Note the distinction. Malamud’s response picked up on it at once. The citation conventions (or style or system) described in The Bluebook are not protected by its copyright. The U.S. Copyright Act is explicit on this point:

In no case does copyright protection for an original work of authorship extend to any idea, procedure, process, system, method of operation, concept, principle, or discovery, regardless of the form in which it is described, explained, illustrated, or embodied in such work.

17 U.S.C. § 102(b).

On the other hand, although the phrase “literary work” may not seem totally apposite The Bluebook is surely an “original work of authorship … fixed in [a] tangible medium of expression.” So long as a competing work (the ALWD Guide to Legal Citation or Introduction to Basic Legal Citation, for that matter) avoids employing the specific means used by The Bluebook to explain how to cite (e.g., its words, phrases, selected examples) that work can instruct readers on how to produce citations identical to those generated by careful use of The Bluebook. The same holds for citation software or online data vendors. Both Lexis Advance and WestlawNext generate citations that are included with material copied from their collections. Users have a choice among several different formats. “Bluebook” style appears on neither list, the default format for both being labeled “Standard”. Yet for important categories of material the “Standard” format that both produce conforms to the conventions set out in The Bluebook. Can these and other online data vendors deliver Bluebook citations without the permission of the book’s copyright holder? Surely, they can even though the reference book itself is covered by copyright and the distribution of verbatim copies is, for that reason, problematic.
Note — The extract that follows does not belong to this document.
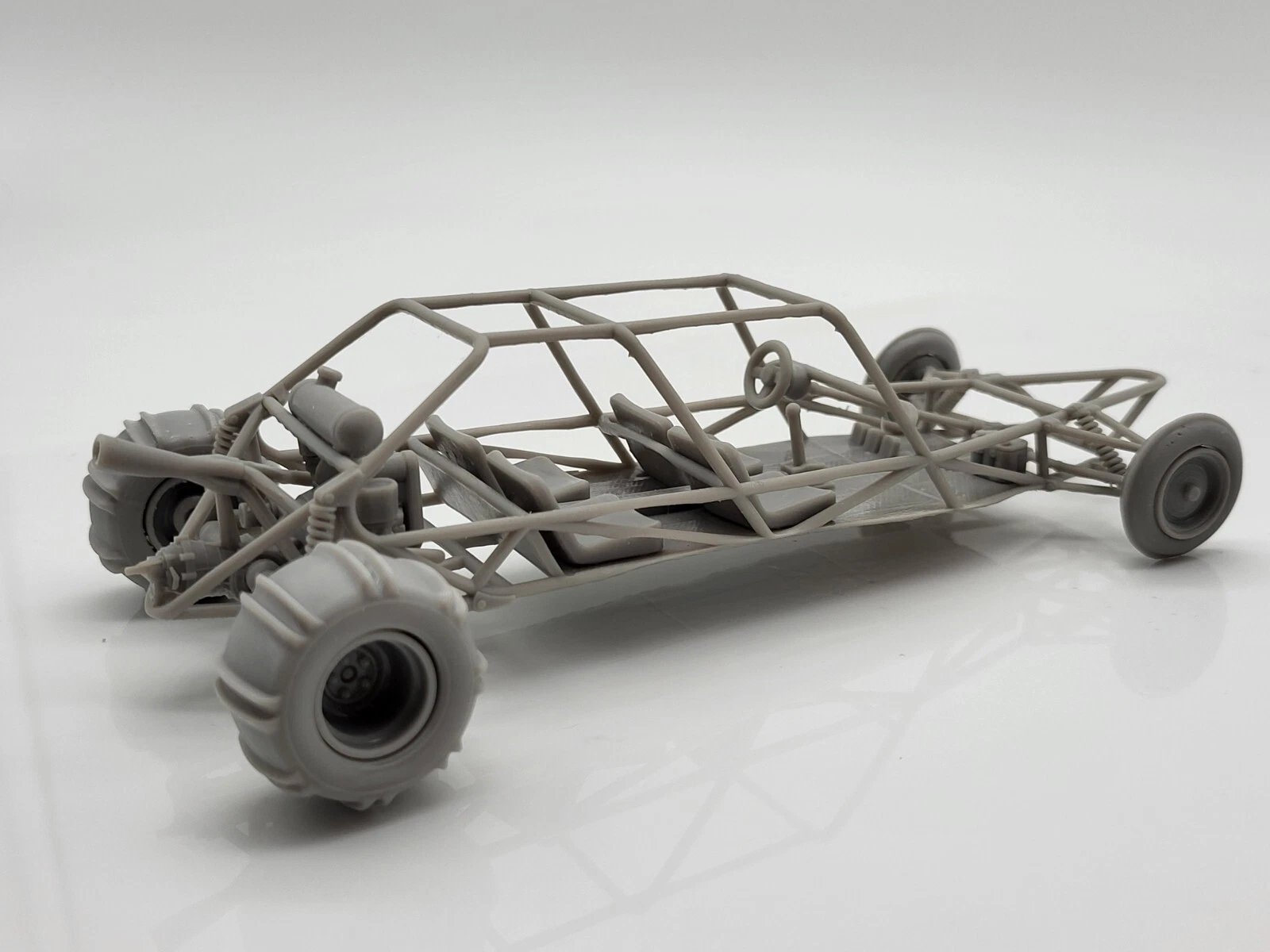 Four-seater Old School Dune Buggy Fully Detailed 1/25 Scale Model Kit product image (5)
3. The terms and conditions of use agreed to by users of The Bluebook Online and related aps

Those who click rather than page their way into the content of The Bluebook at www.legalbluebook.com are told that by doing so they agree not to display its trademarks without prior written approval or “create derivative works from, distribute, perform, display, incorporate into another website, or in any other way exploit the information …[it contains], in whole or in part.” Apparently, while those that run The Bluebook enterprise take the IP rights represented by the circled “C” and circled “R” very seriously, they are not content to leave their proprietary claims to the contours of copyright and trademark law.

4. And who holds these IP rights with the right to license their use or sue for infringement?

There is no Bluebook Inc. The Bluebook‘s copyright notice and registration list four separate entities as owners: the Columbia Law Review Association, the Harvard Law Review Association, the University of Pennsylvania Law Review, and The Yale Law Journal. The same four appear on the trademark registration. Without knowing more about the agreements among these co-owners one can only speculate about how decisions might get made or, more likely, fail to get made.

Who at each of the four was responsible for deciding what to do with Frank Bennett’s email asking for assurance that his software wouldn’t infringe? Did his question even get beyond one.  Three of the journals are published by non-profit corporations.  The fourth, The University of Pennsylvania Law Review, is simply a university activity. Professor Bennett wrote one of the journals and heard back, ultimately, from one of its editors. Are such decisions really lodged in the hands of here-today, gone-tomorrow law students?

One intriguing possibility is that the governing body for any one of the four journals could license The Bluebook, that being the default rule with joint works of authorship. Could a venture guided by so many lawyers and soon-to-be lawyers have left the matter in that posture? On the other hand, if the four must come to an agreement among themselves when confronted with a Bluebook rights or licensing issue, the representation that “The law reviews are evaluating potential arrangements that would expand the availability of The Bluebook conventions ….” seems unlikely to yield results anytime soon.